**Task goal**
Return, with both end lines included, exactly what the data below holds from the line with "Let's try this" through the line with "Like what you", though not the pictures.

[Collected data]
━━━━━━━━━━
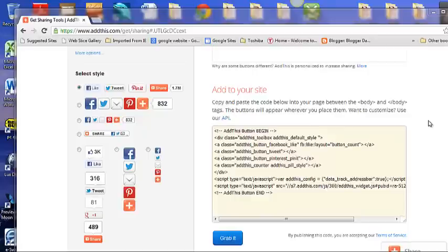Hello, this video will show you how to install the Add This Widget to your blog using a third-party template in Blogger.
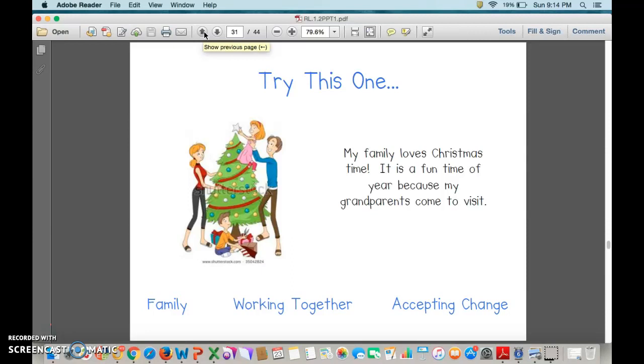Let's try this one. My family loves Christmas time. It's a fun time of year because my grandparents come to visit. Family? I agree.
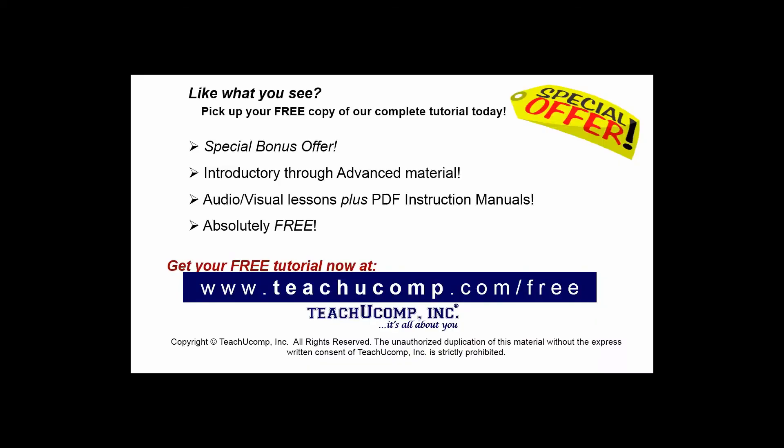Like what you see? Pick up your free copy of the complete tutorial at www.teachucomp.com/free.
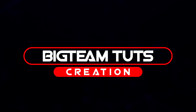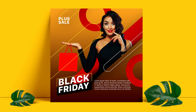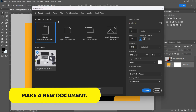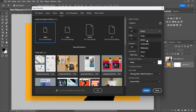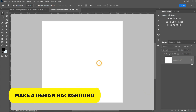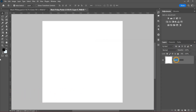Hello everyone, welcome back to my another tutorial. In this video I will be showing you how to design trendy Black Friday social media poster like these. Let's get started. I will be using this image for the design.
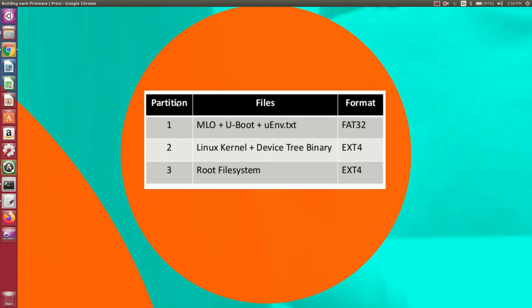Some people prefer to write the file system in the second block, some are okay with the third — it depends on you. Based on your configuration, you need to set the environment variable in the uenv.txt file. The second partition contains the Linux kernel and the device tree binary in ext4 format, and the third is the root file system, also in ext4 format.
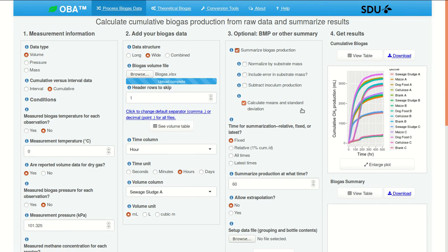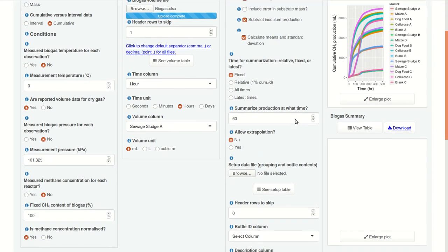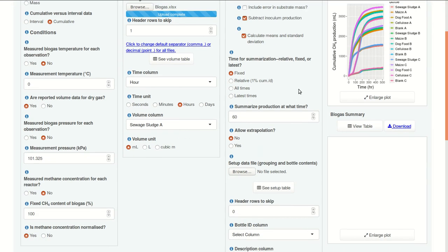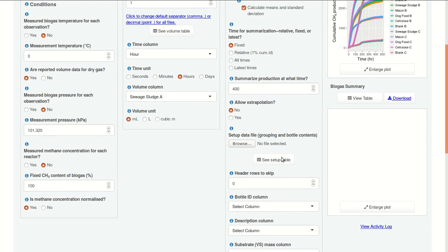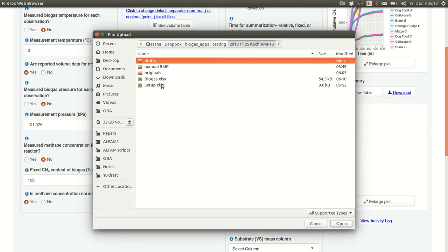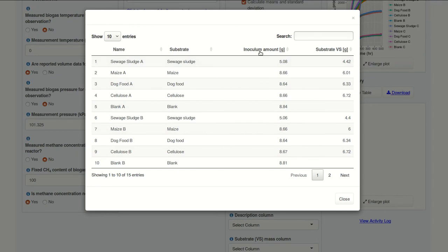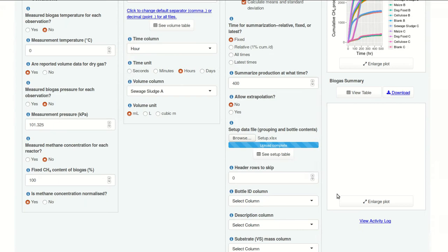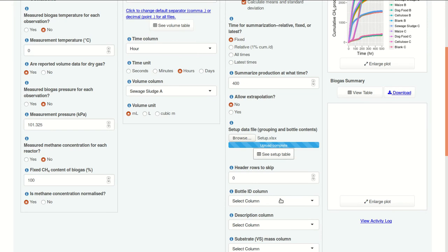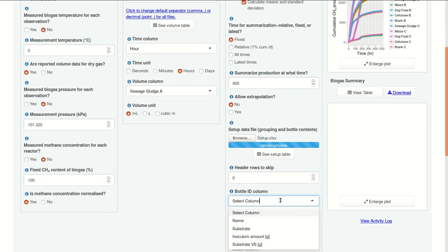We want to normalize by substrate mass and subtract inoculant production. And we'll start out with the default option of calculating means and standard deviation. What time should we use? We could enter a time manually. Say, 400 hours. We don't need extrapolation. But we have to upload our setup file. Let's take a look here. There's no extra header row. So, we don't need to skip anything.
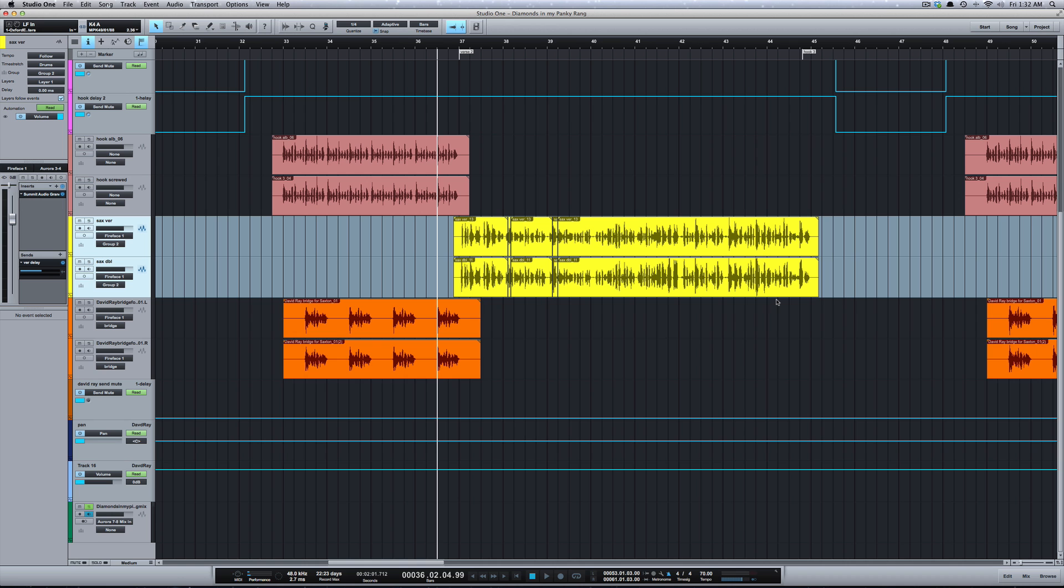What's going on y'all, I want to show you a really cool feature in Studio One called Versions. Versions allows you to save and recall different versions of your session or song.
━━━━━━━━━━
**Output of the task**
Let's try this one. My family loves Christmas time. It's a fun time of year because my grandparents come to visit. Family? I agree.
Like what you see? Pick up your free copy of the complete tutorial at www.teachucomp.com/free.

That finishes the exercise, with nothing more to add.